**TASK TO CARRY OUT**
Skip the pictures. Output only the lines below starting at the line with "Balenciaga balenciaga black" and ending at the line with "Hello Summer Daisy Sign", both ends included, exactly as they are.

**PROVIDED INFORMATION**
----

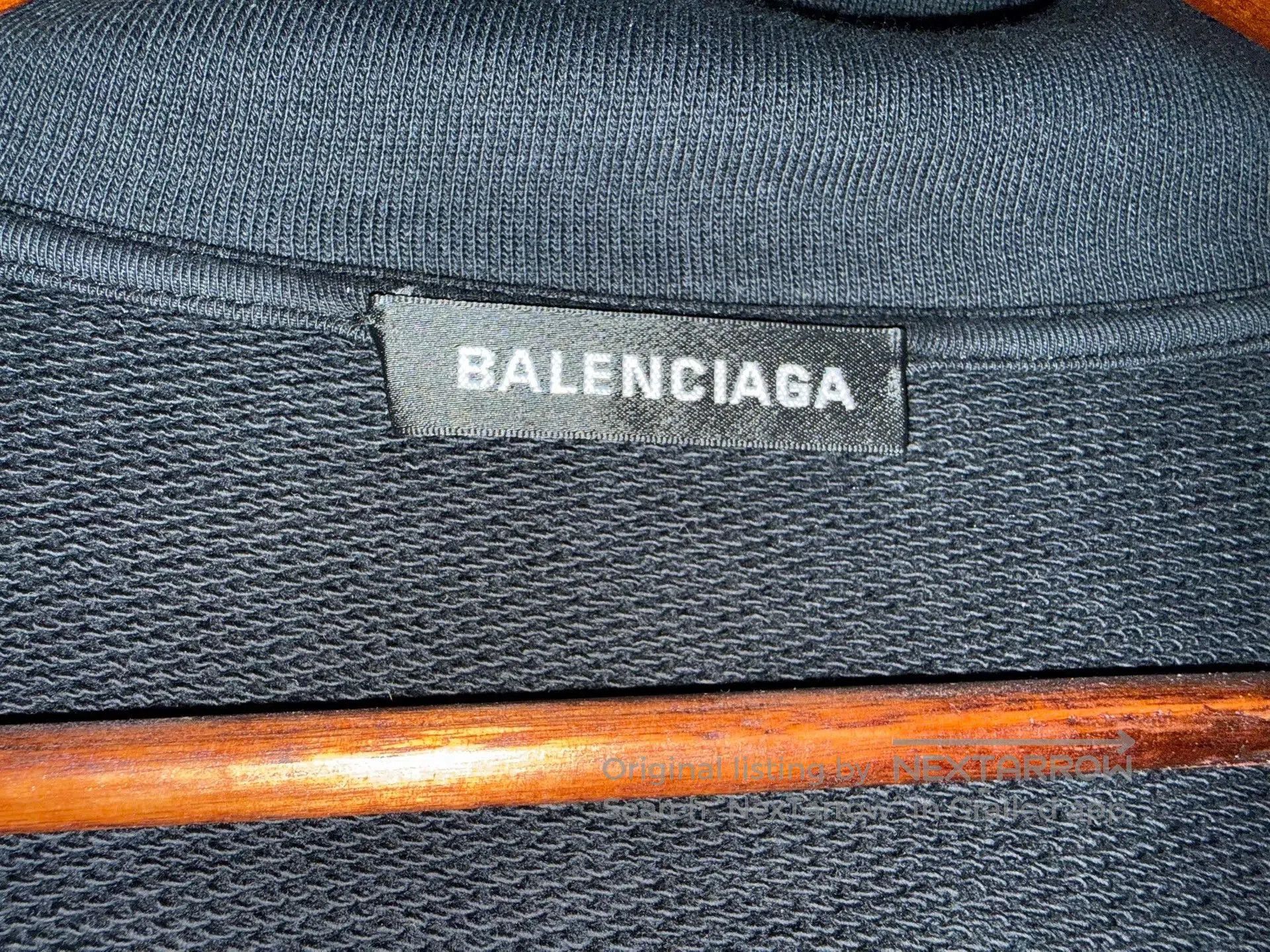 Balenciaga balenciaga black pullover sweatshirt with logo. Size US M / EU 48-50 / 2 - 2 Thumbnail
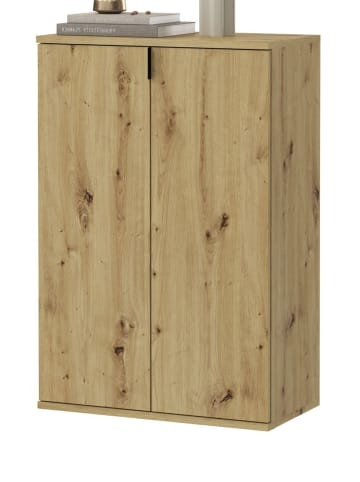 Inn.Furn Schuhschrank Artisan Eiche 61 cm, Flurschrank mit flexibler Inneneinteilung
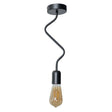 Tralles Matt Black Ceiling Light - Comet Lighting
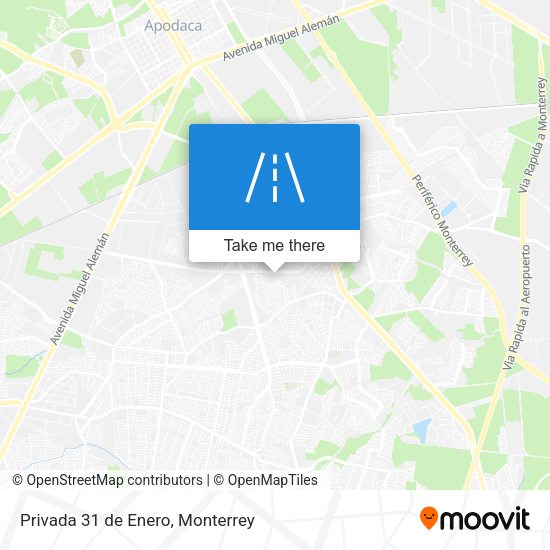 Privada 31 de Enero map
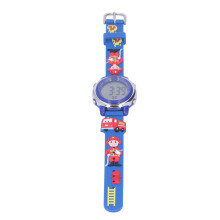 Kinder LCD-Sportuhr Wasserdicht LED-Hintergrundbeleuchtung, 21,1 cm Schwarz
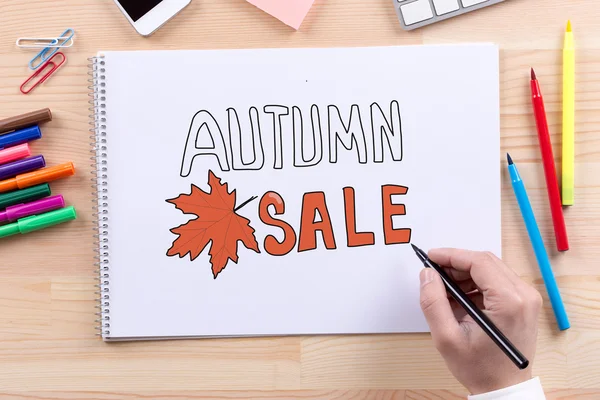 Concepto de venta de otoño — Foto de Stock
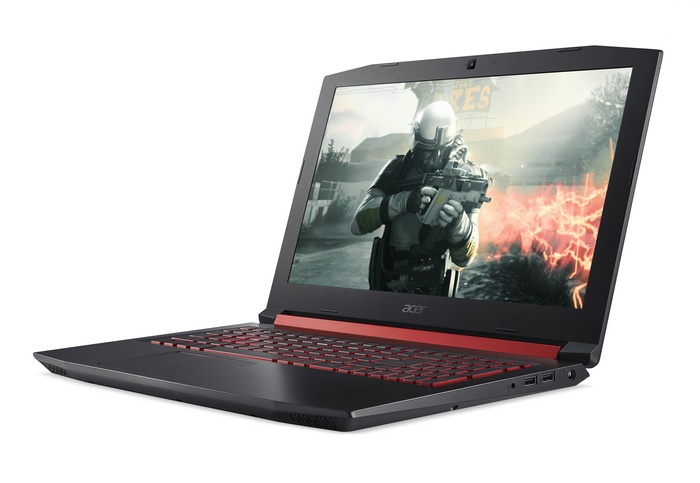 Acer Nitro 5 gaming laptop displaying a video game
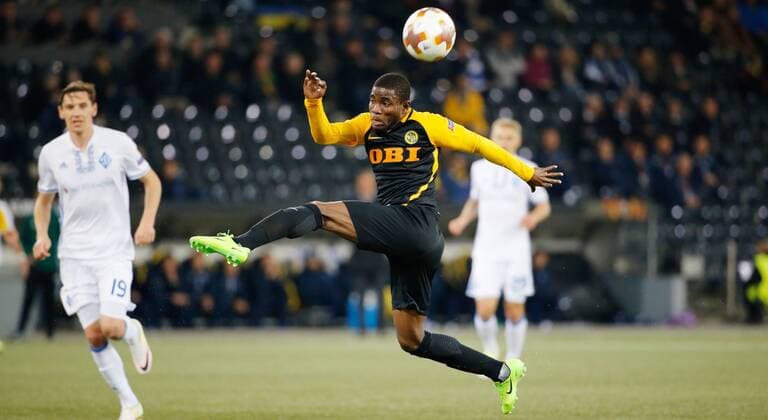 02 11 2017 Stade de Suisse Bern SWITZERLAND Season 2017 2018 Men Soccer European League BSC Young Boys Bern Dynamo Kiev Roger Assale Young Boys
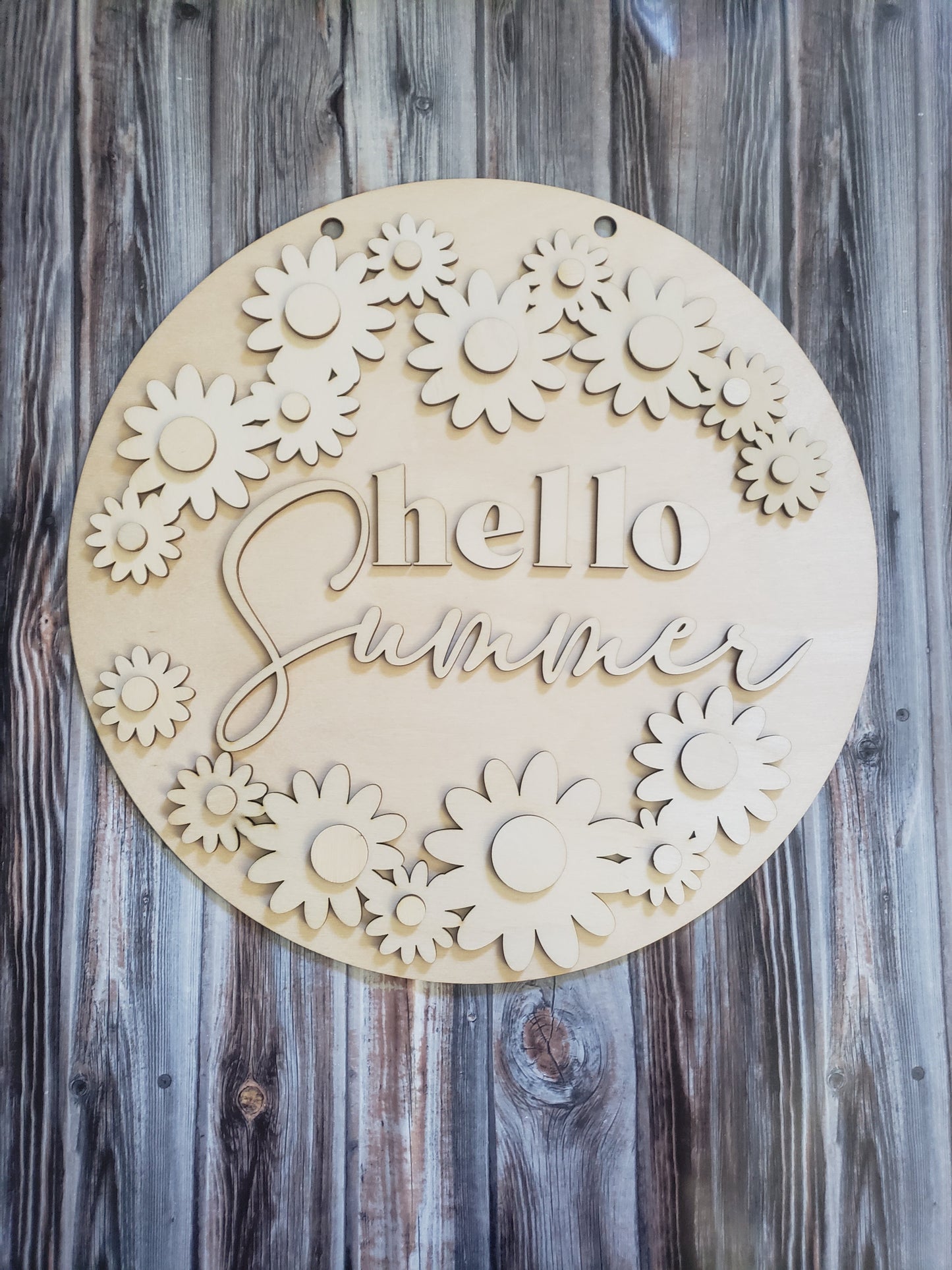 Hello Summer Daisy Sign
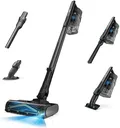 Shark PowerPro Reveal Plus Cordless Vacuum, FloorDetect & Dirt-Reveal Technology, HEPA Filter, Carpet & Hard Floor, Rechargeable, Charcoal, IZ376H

----

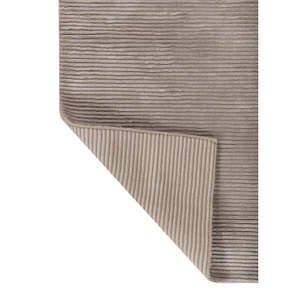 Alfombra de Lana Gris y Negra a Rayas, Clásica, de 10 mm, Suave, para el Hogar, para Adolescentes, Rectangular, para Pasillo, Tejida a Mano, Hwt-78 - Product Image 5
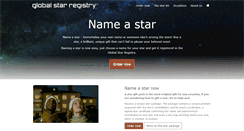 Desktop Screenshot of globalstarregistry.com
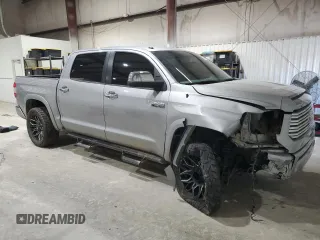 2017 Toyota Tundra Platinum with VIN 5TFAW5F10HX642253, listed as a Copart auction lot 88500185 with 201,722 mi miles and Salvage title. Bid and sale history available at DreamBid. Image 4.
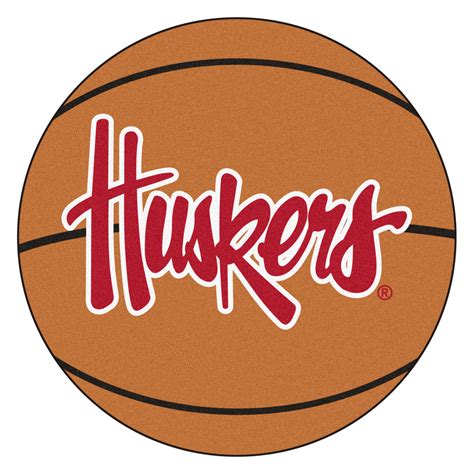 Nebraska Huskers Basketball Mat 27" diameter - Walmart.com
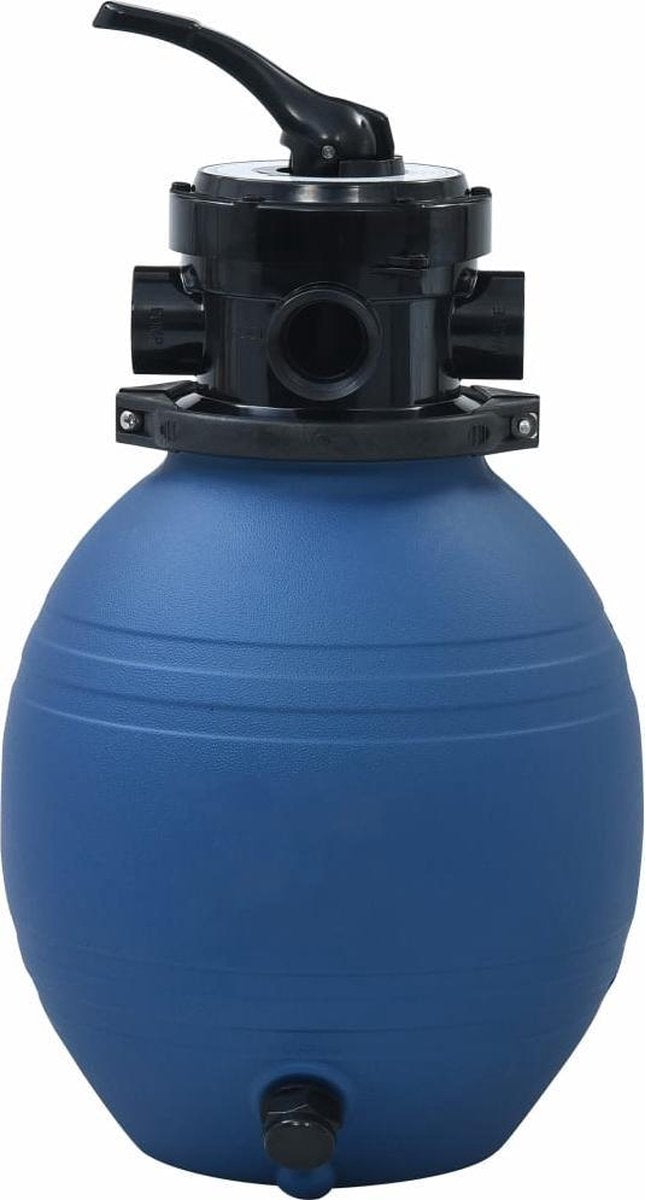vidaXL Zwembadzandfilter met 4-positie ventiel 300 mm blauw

----

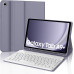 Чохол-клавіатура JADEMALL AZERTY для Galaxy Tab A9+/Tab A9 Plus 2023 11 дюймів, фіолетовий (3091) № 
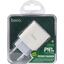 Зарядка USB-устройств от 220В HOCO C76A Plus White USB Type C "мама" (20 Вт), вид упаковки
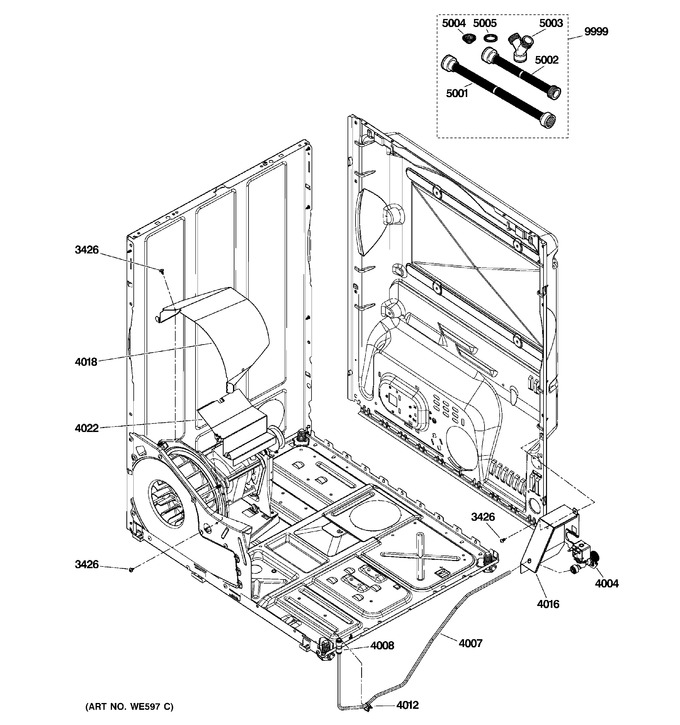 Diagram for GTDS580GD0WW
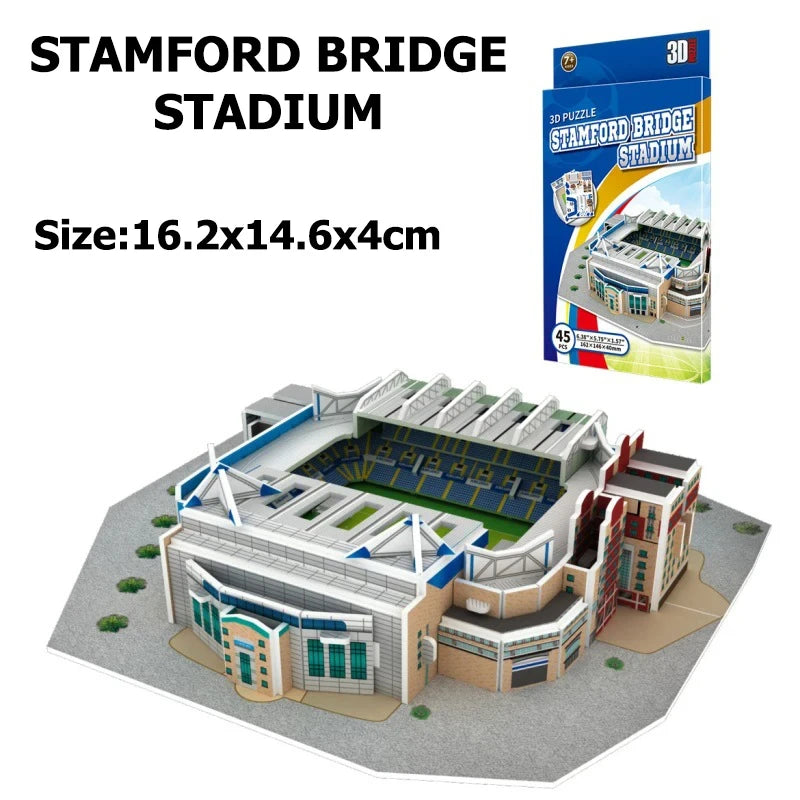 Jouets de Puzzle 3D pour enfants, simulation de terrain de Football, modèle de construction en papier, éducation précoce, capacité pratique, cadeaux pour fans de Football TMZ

----

**RESULT OF THE EXERCISE**
 Balenciaga balenciaga black pullover sweatshirt with logo. Size US M / EU 48-50 / 2 - 2 Thumbnail
 Inn.Furn Schuhschrank Artisan Eiche 61 cm, Flurschrank mit flexibler Inneneinteilung
 Tralles Matt Black Ceiling Light - Comet Lighting
 Privada 31 de Enero map
 Kinder LCD-Sportuhr Wasserdicht LED-Hintergrundbeleuchtung, 21,1 cm Schwarz
 Concepto de venta de otoño — Foto de Stock
 Acer Nitro 5 gaming laptop displaying a video game
 02 11 2017 Stade de Suisse Bern SWITZERLAND Season 2017 2018 Men Soccer European League BSC Young Boys Bern Dynamo Kiev Roger Assale Young Boys
 Hello Summer Daisy Sign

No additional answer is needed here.